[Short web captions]
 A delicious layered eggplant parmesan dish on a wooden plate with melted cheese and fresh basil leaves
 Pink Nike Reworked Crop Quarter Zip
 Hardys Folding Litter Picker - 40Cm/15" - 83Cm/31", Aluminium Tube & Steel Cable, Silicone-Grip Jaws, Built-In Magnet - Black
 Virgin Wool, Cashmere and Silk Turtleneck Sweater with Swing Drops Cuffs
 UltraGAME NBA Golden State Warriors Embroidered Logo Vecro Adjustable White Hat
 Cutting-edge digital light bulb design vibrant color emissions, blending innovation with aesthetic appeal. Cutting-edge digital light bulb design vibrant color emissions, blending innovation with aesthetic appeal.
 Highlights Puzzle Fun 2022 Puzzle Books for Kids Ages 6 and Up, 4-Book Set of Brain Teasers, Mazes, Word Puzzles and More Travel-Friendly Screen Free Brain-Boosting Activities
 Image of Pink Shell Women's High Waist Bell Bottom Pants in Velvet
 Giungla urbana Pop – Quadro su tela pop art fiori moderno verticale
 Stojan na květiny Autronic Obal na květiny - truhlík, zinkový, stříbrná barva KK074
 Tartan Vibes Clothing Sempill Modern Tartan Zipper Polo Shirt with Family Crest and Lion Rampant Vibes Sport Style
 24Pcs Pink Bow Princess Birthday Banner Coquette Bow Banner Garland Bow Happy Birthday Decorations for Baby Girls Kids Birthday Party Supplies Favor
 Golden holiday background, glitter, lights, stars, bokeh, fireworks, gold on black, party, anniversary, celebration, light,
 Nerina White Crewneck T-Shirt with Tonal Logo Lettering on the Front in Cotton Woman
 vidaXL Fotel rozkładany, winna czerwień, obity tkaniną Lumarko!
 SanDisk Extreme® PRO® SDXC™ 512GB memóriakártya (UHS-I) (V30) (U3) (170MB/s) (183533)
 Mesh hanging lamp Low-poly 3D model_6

- ACTIVITY -
Print out each record above exactly, with nothing omitted.

- ANSWER SECTION -
 A delicious layered eggplant parmesan dish on a wooden plate with melted cheese and fresh basil leaves
 Pink Nike Reworked Crop Quarter Zip
 Hardys Folding Litter Picker - 40Cm/15" - 83Cm/31", Aluminium Tube & Steel Cable, Silicone-Grip Jaws, Built-In Magnet - Black
 Virgin Wool, Cashmere and Silk Turtleneck Sweater with Swing Drops Cuffs
 UltraGAME NBA Golden State Warriors Embroidered Logo Vecro Adjustable White Hat
 Cutting-edge digital light bulb design vibrant color emissions, blending innovation with aesthetic appeal. Cutting-edge digital light bulb design vibrant color emissions, blending innovation with aesthetic appeal.
 Highlights Puzzle Fun 2022 Puzzle Books for Kids Ages 6 and Up, 4-Book Set of Brain Teasers, Mazes, Word Puzzles and More Travel-Friendly Screen Free Brain-Boosting Activities
 Image of Pink Shell Women's High Waist Bell Bottom Pants in Velvet
 Giungla urbana Pop – Quadro su tela pop art fiori moderno verticale
 Stojan na květiny Autronic Obal na květiny - truhlík, zinkový, stříbrná barva KK074
 Tartan Vibes Clothing Sempill Modern Tartan Zipper Polo Shirt with Family Crest and Lion Rampant Vibes Sport Style
 24Pcs Pink Bow Princess Birthday Banner Coquette Bow Banner Garland Bow Happy Birthday Decorations for Baby Girls Kids Birthday Party Supplies Favor
 Golden holiday background, glitter, lights, stars, bokeh, fireworks, gold on black, party, anniversary, celebration, light,
 Nerina White Crewneck T-Shirt with Tonal Logo Lettering on the Front in Cotton Woman
 vidaXL Fotel rozkładany, winna czerwień, obity tkaniną Lumarko!
 SanDisk Extreme® PRO® SDXC™ 512GB memóriakártya (UHS-I) (V30) (U3) (170MB/s) (183533)
 Mesh hanging lamp Low-poly 3D model_6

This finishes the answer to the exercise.